Saved entries:
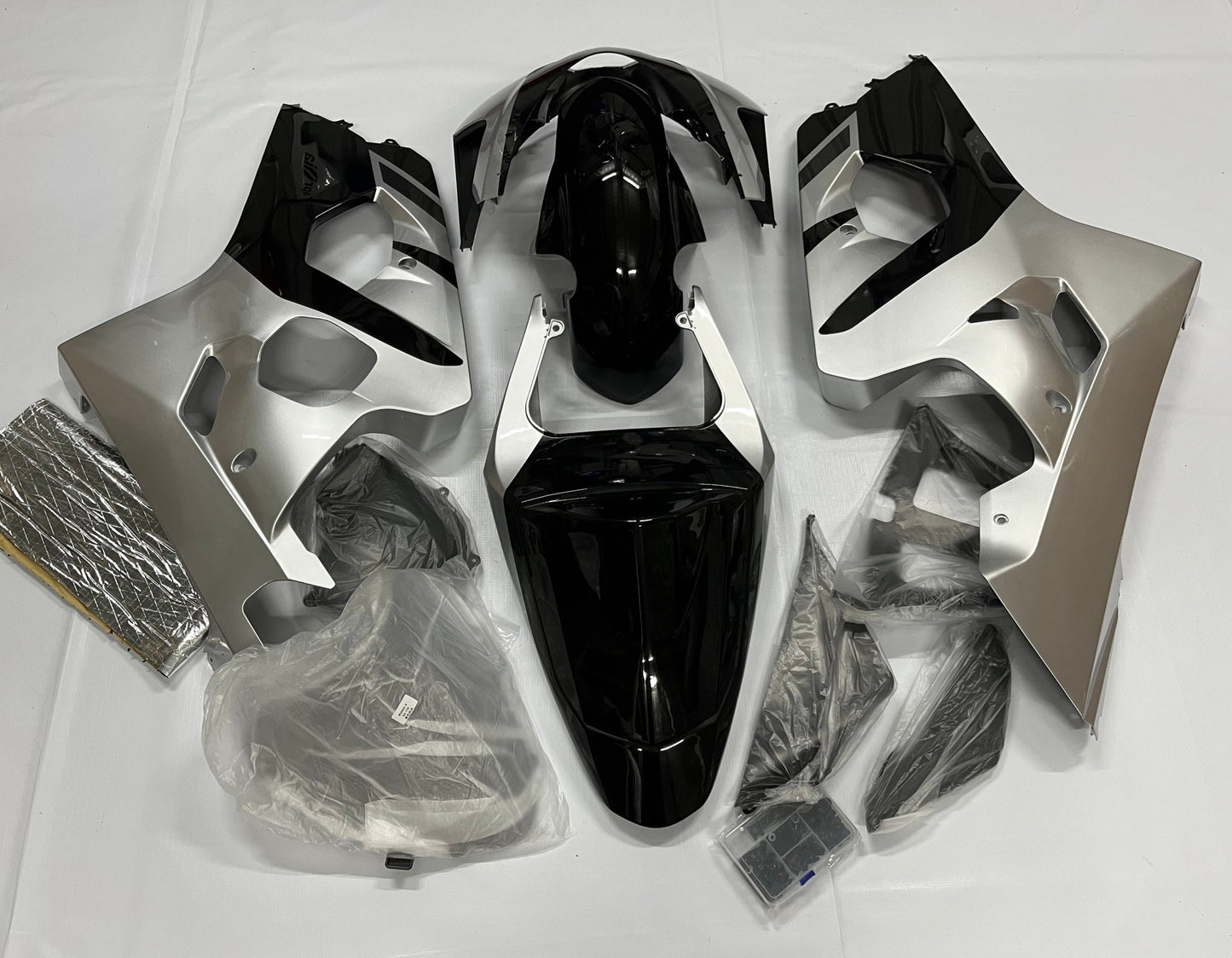 Suzuki GSXR600 (2000-2003) Silver, Black Fairings at KingsMotorcycleFairings.com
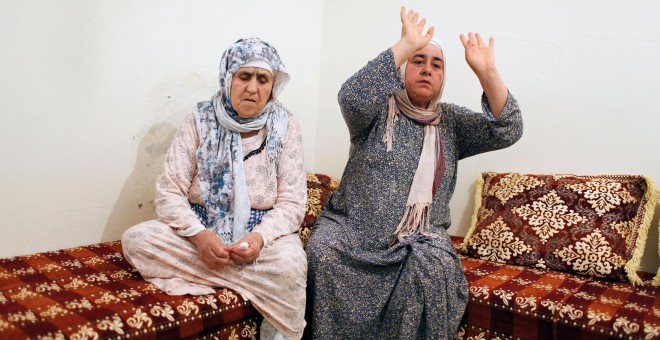 Chrifa Hychami (i.), abuela de Mohammed y Omar Hychami, y  Fatima Abouyaaqoub (d.), tía de Younes y El Houssaine Abouyaaqoub, en su casa familiar de la localidad marroquí de Mrirt. REUTERS/Youssef Boudlal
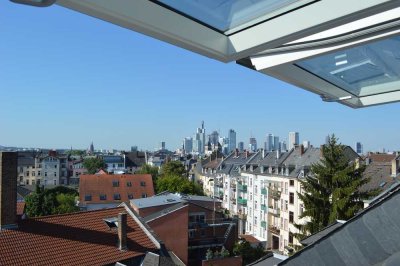 "NEU" Schöne helle Maisonette-Wohnung mit Skylineblick - Kernsaniert!
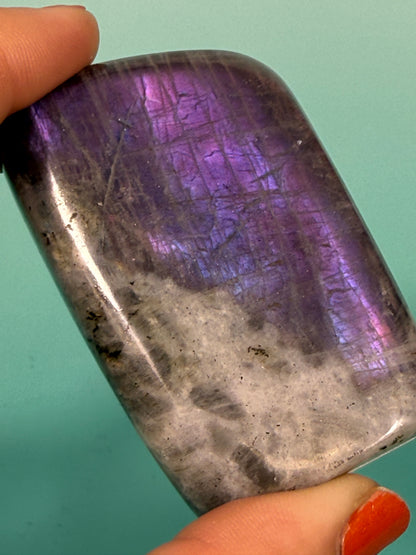 Orange / Purple flash small Labradorite free form AA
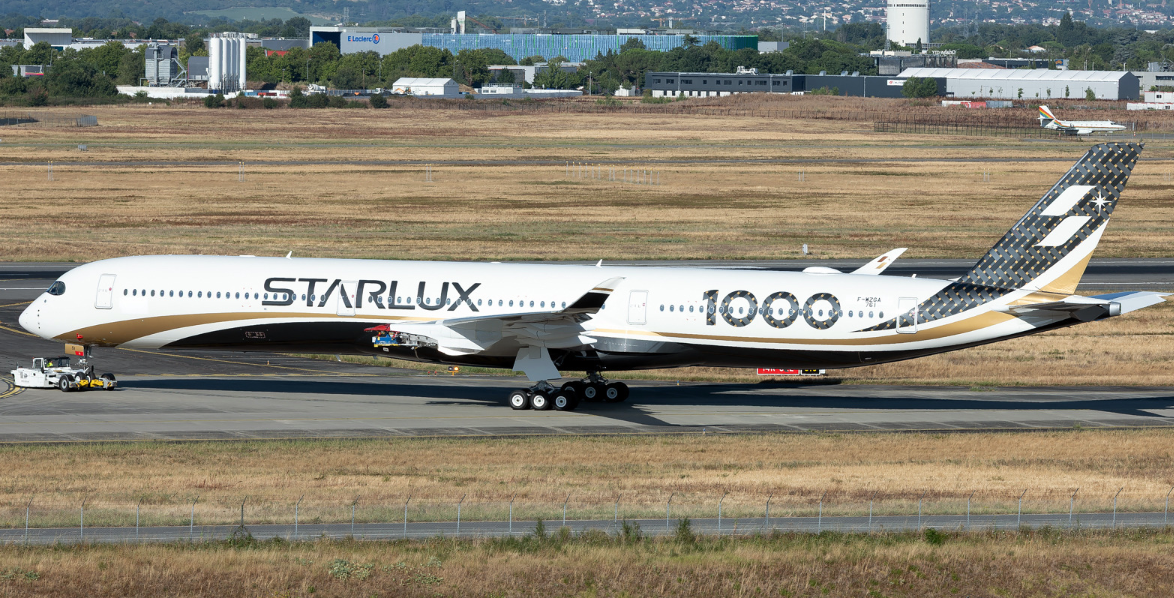 PH12036 | Phoenix 1:400 | Airbus A350-1000 Starlux Airlines B-58551 | is due October 2025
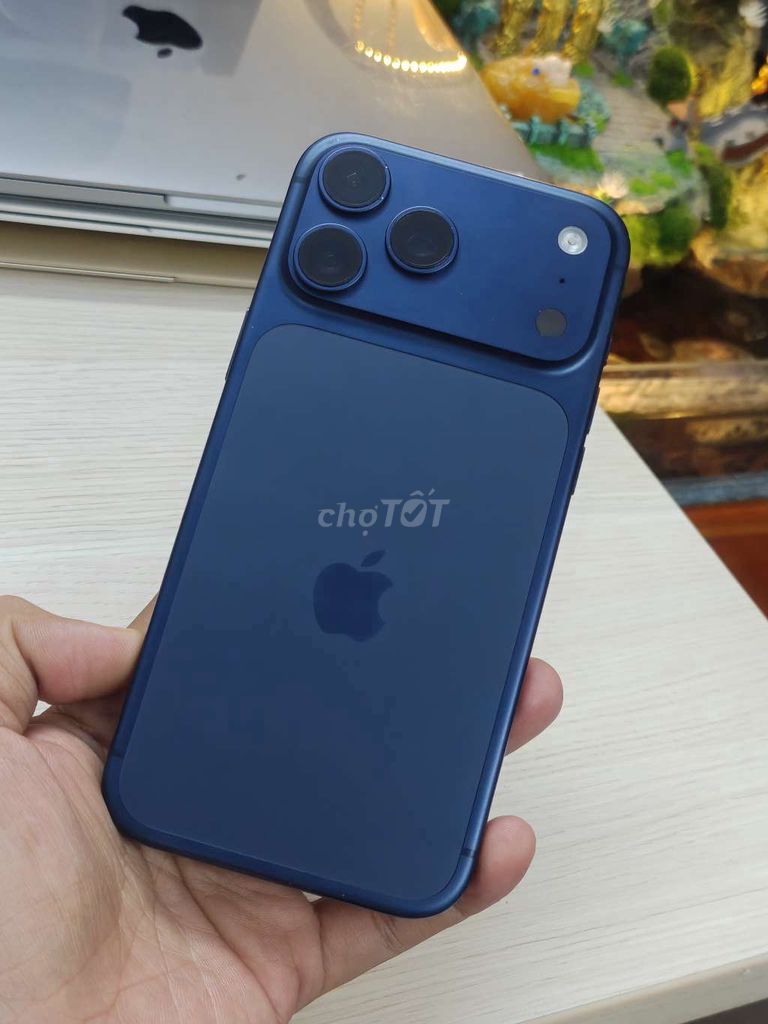 Apple iPhone 17 Pro Max 256GB Xanh 100%. Mua bán Điện thoại tại Quận 4 Tp Hồ Chí Minh được đăng bởi Nguyễn Nhân hình 1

What is required
I'd like every record above written out again exactly, without the pictures.

Exercise response
 Suzuki GSXR600 (2000-2003) Silver, Black Fairings at KingsMotorcycleFairings.com
 Chrifa Hychami (i.), abuela de Mohammed y Omar Hychami, y  Fatima Abouyaaqoub (d.), tía de Younes y El Houssaine Abouyaaqoub, en su casa familiar de la localidad marroquí de Mrirt. REUTERS/Youssef Boudlal
 "NEU" Schöne helle Maisonette-Wohnung mit Skylineblick - Kernsaniert!
 Orange / Purple flash small Labradorite free form AA
 PH12036 | Phoenix 1:400 | Airbus A350-1000 Starlux Airlines B-58551 | is due October 2025
 Apple iPhone 17 Pro Max 256GB Xanh 100%. Mua bán Điện thoại tại Quận 4 Tp Hồ Chí Minh được đăng bởi Nguyễn Nhân hình 1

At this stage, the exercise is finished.